[Collected data entries]
————————

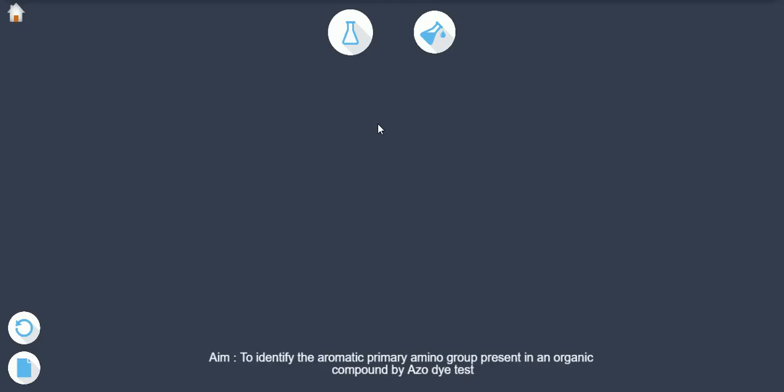Aim: To identify the aromatic primary amino group present in an organic compound by azo dye test.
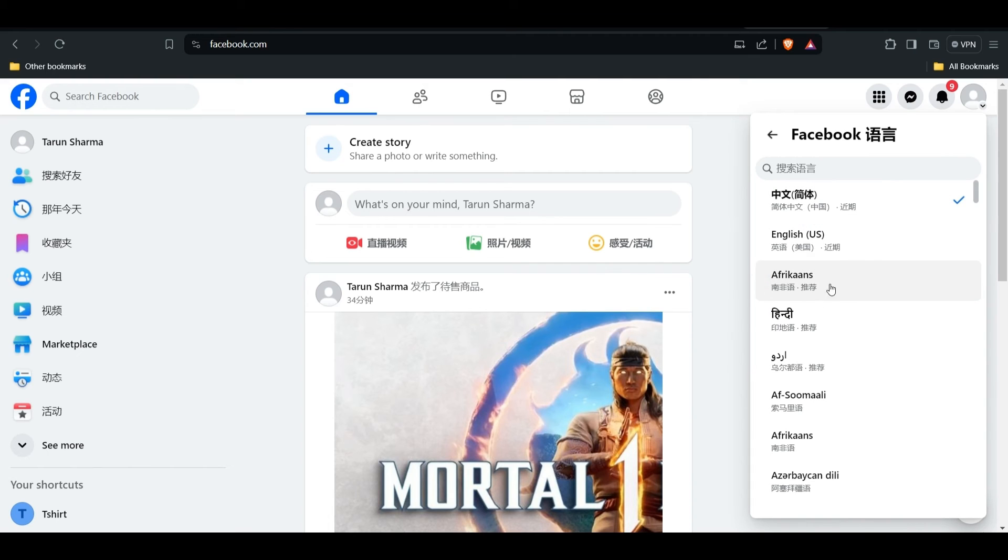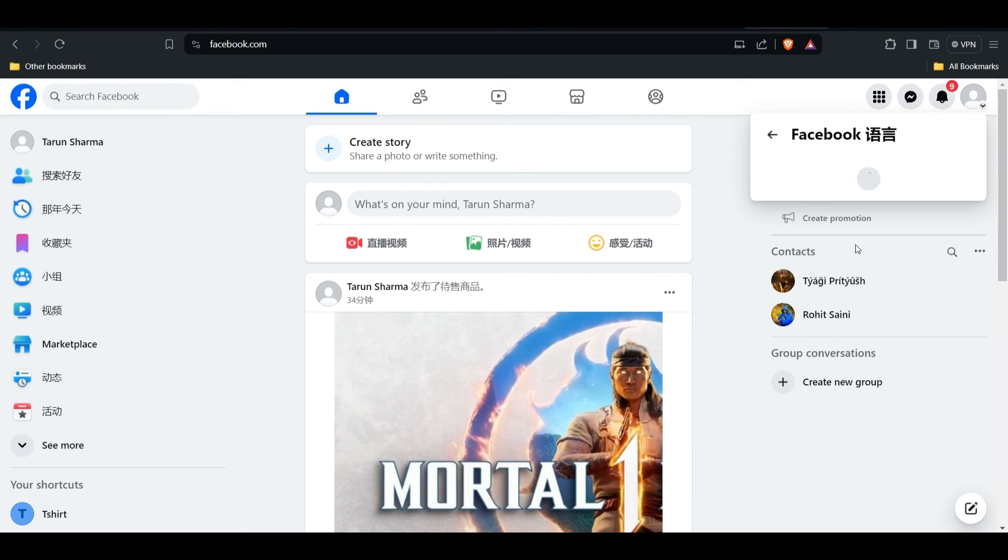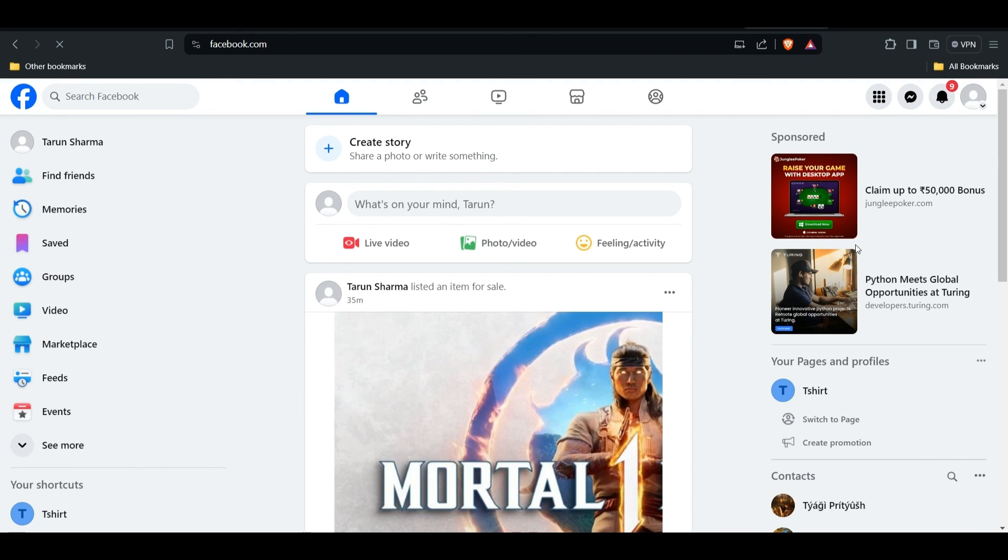And now here you have to find English. So as you can see English, I have to pick up too. This is so simple and my page should now be reset, changed back from Chinese to English.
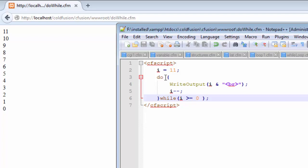Because we do not have a condition given to the first part of our loop, the compiler will print the value of 11 first. Then it will subtract 1 using the decrement operator from the value of 11 and it will become 10. Then it will check whether the value of i is still greater than or equals to 0, and it sees that 10 is still greater than 0. So it goes back to the loop and starts again.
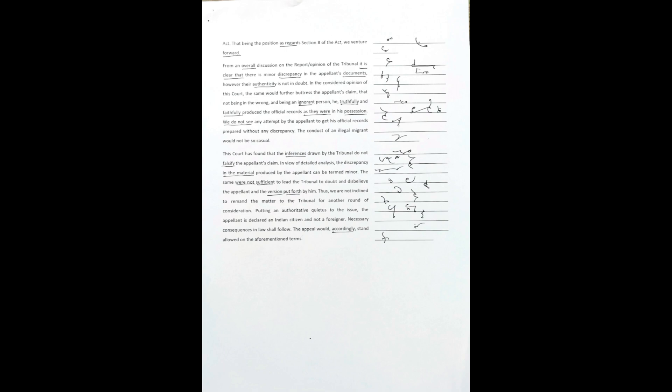From an overall discussion on the report/opinion of the tribunal, it is clear that there is minor discrepancy in the appellant's documents. However, their authenticity is not in doubt.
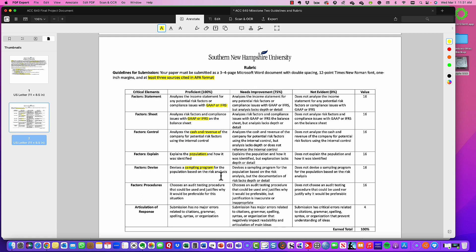For your sampling plan, state whether you are choosing statistical sampling or non-statistical sampling, and give an example of the specific sampling method you're using — whether it's random sampling, monetary unit sampling, or another method — chosen based on the risk. The issue most students have is they don't actually devise a sampling plan; they just say they'll use both. Make a clear selection — statistical or non-statistical — then provide a specific sampling methodology and discuss it as it relates to your population and what you're testing.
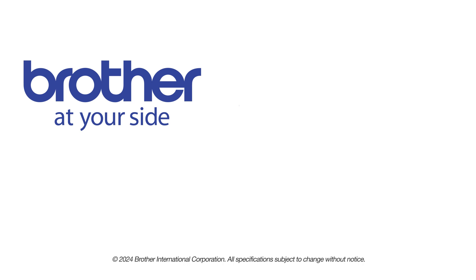If you found this video helpful, be sure to subscribe. Thank you for choosing Brother. See you next time.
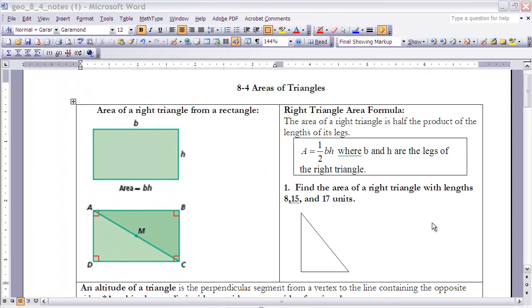This is the notes for section 8-4, Areas of Triangles. If you haven't done so already, make sure that you complete the reading for section 8-4 before you continue on with these notes.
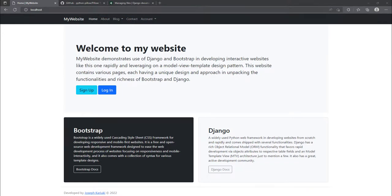Hello and welcome again. In our previous video we looked at handling static files — specifically creating the static folder in our project, configuring and installing the WhiteNoise third-party library, and running the collect static command to collect all the static files. In this tutorial we are going to look at how we can handle user uploaded files.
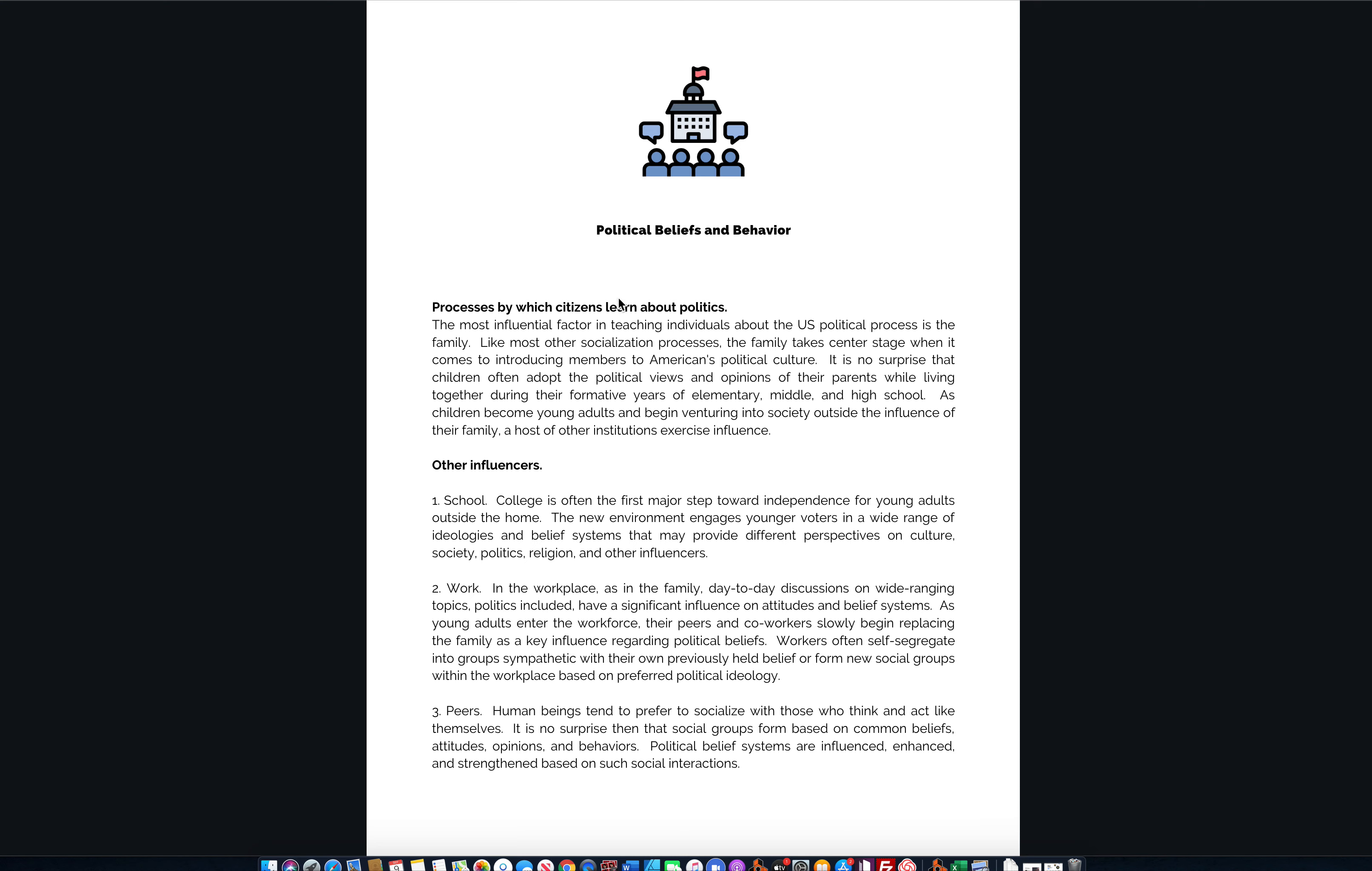Process by which citizens learn about politics. I'm not going to read all this, but I just want you to know it's here for you to read. You can pause this video if you like, read over it, take notes. You can screenshot it if you want. I don't know how well that's going to come out on a YouTube video, but if you can see this, blow it up. Go ahead and take some notes. I want to give you the opportunity to just have the material.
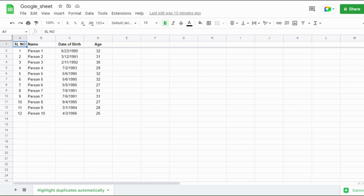Hello viewers, welcome to my channel. In this video, we are going to see about automatic highlight of duplicate entry in the column.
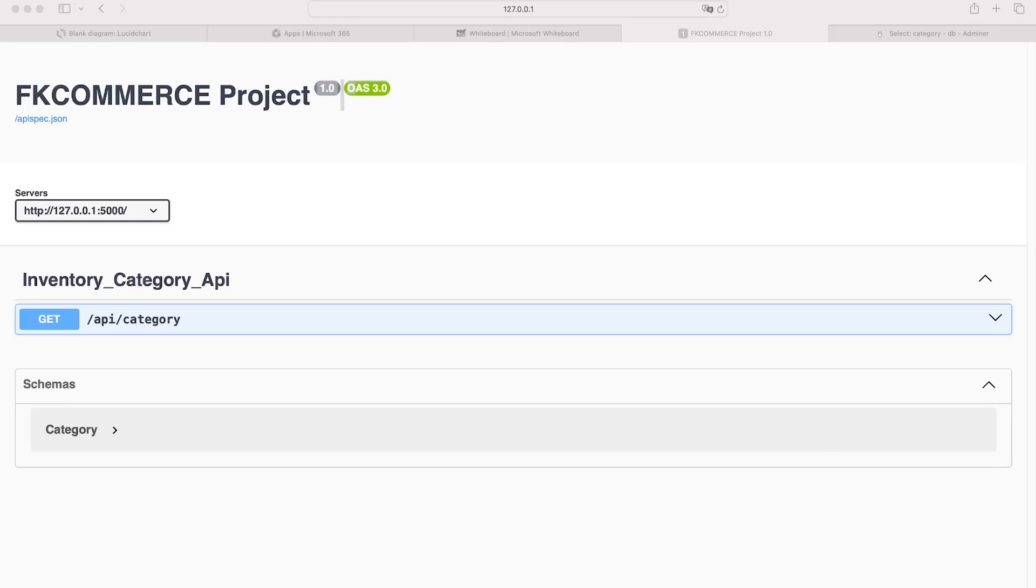As we add more interactions with our database and our endpoints, we will take a look at different features and functionality of the Swagger UI.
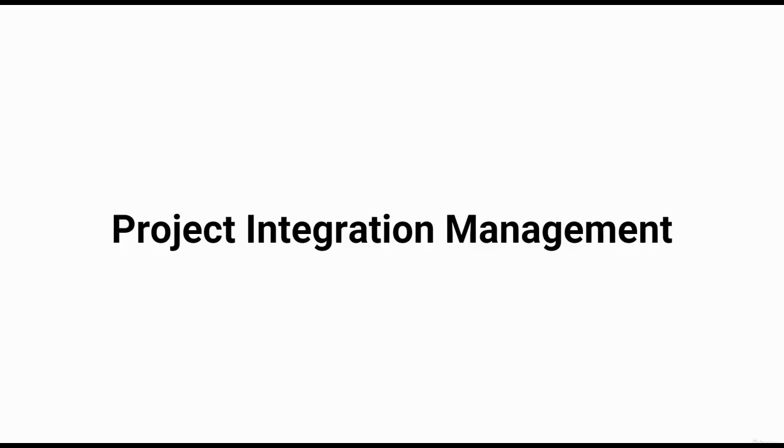In this video, we will be discussing the Project Integration Management Knowledge Area, which is essential for ensuring that all the different components of a project work together seamlessly to achieve the project objectives.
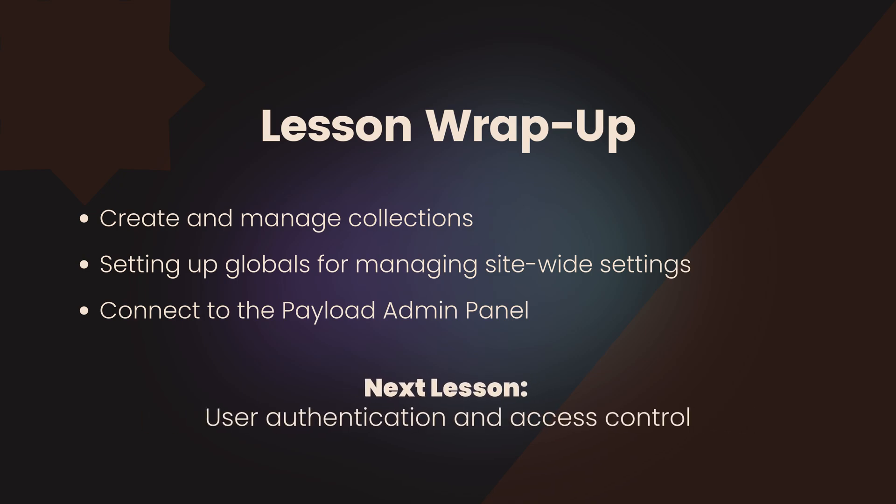In the next lesson, we'll build on this knowledge by diving into user authentication and access control. We'll explore how to create protected routes, manage user roles, and ensure secure content access within your payload CMS application. See you there!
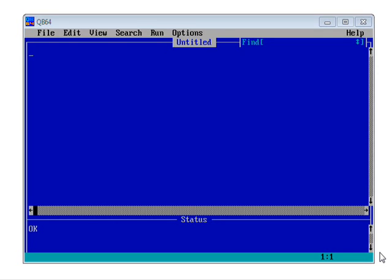Hello and welcome to your first QBasic lesson. Over the next few videos, we're going to learn enough of the programming language and techniques to get you going on writing your first real application — a random insult generator.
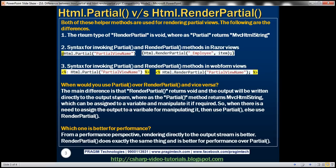The main difference is that RenderPartial returns void and its output is written directly to the output stream, whereas the Partial method returns MvcHtmlString, which can be assigned to a variable and manipulated as needed. The Partial function provides an opportunity to assign the return value to a variable and use it however you want. So whenever there is a need to assign the output to a variable for manipulation, use Partial; otherwise use RenderPartial.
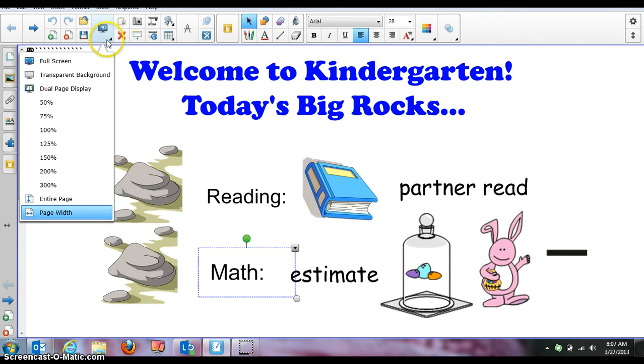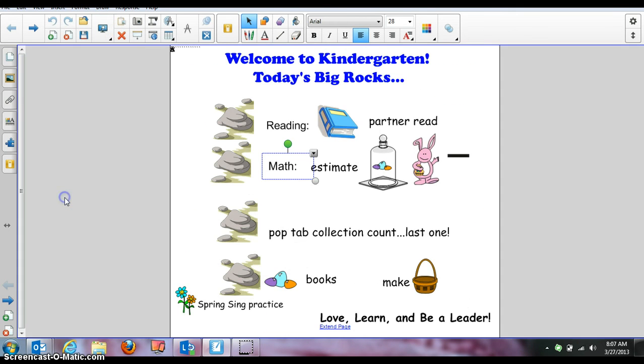If you come up and click from page width to entire page, that should allow you to see everything again. It'll make it a little bit smaller, but you should be able to see everything. So that should be a quick fix for you.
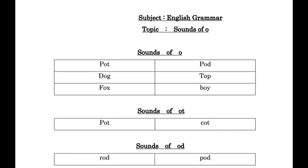Now O.T. ot, sounds of ot. P.O.T. pot, C.O.T. cot.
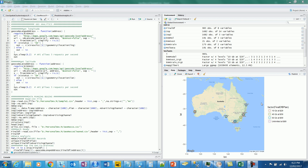Hi friends. Let's do some analytics today. Today we are going to help ABC Data, an internet provider company which has been selling different plans to customers, and we are going to help them with their sales.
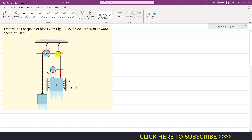As we learned in the previous video, to solve such problems we first need to define our reference line — a datum — from which we will define the position of block A and block B respectively. We need to select a point that will remain stationary. Observing this whole mechanism, we can see that this wall is stationary, and the centers of these two pulleys will also remain at rest.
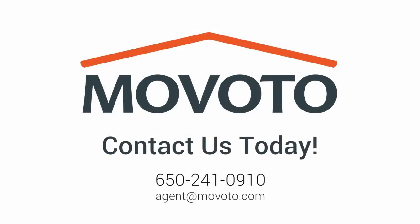If you have any additional questions or comments, please don't hesitate to contact us. You can email us at agent at movoto.com. Have a great day.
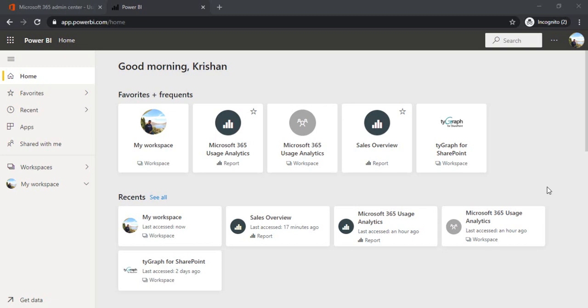Welcome back to the channel. In this video, I'll be explaining how you can create Power BI reports and dashboards using your data sources.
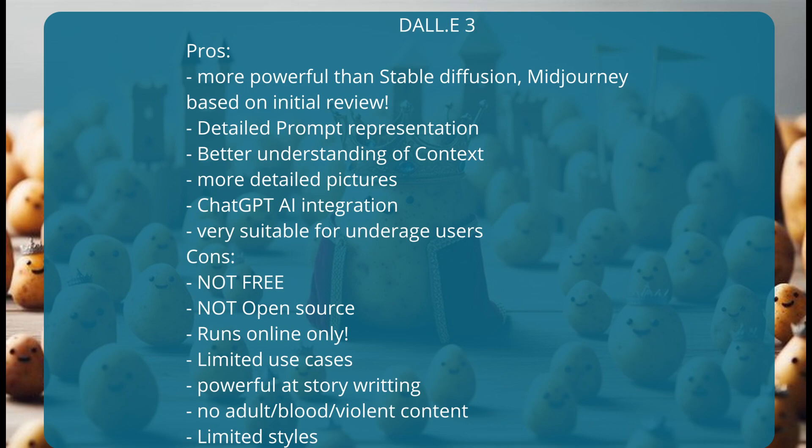This is one of the biggest cons of DALLE-3. I hope this content was useful for you, and have a good day.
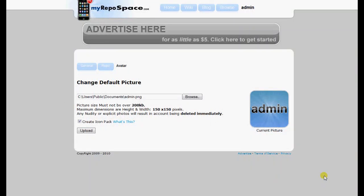Hey guys, Admin from MyRepoSpace.com here with a little update. It's a little feature that I just implemented, it's pretty cool. I think you're going to like it.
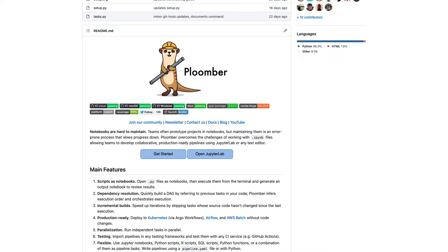Hello, in this short video I'll show you how you can use Plumber to create maintainable and production-ready pipelines.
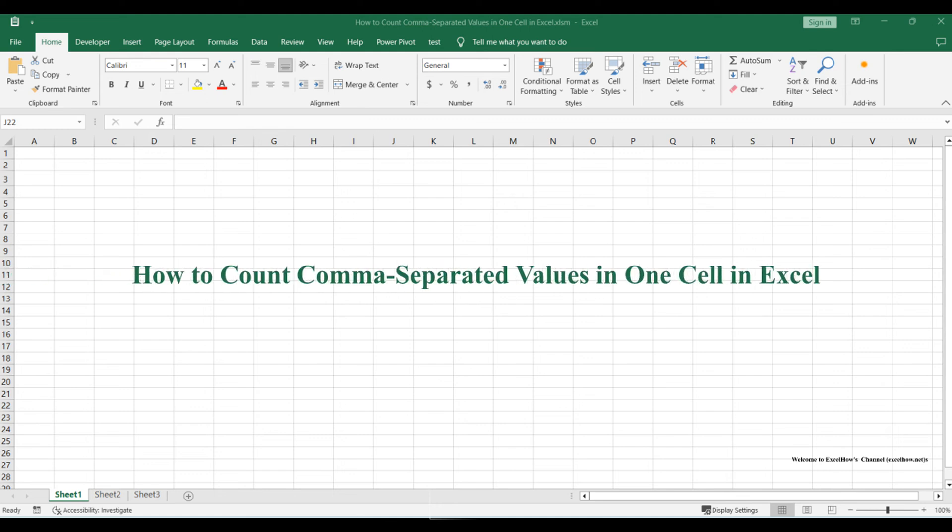Welcome to this Excel tutorial, where we'll uncover an essential skill: counting comma-separated values within a single cell.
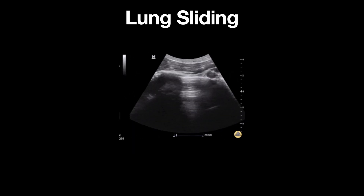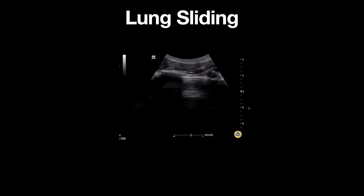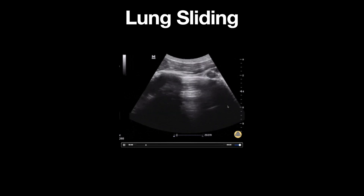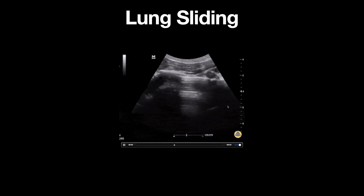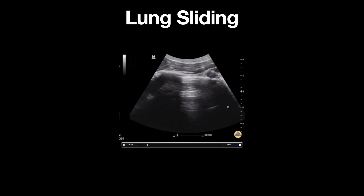One way to improve visualization of lung sliding is to reduce the gain, as seen in this image, which enhances visualization. M-mode can also be used to further evaluate the pleura if lung sliding is not readily apparent.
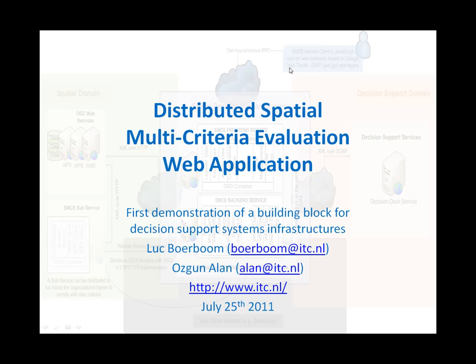Welcome to a brief demonstration video about the very first version of the distributed spatial multi-criteria evaluation web application that we are developing.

————————

What is expected: Your response should consist solely of the lines from the line with "Hey guys, Admin" through the last line of the entries above, printed exactly and without pictures.

Answer space:
Hey guys, Admin from MyRepoSpace.com here with a little update. It's a little feature that I just implemented, it's pretty cool. I think you're going to like it.
Hello, in this short video I'll show you how you can use Plumber to create maintainable and production-ready pipelines.
Welcome to this Excel tutorial, where we'll uncover an essential skill: counting comma-separated values within a single cell.
One way to improve visualization of lung sliding is to reduce the gain, as seen in this image, which enhances visualization. M-mode can also be used to further evaluate the pleura if lung sliding is not readily apparent.
Welcome to a brief demonstration video about the very first version of the distributed spatial multi-criteria evaluation web application that we are developing.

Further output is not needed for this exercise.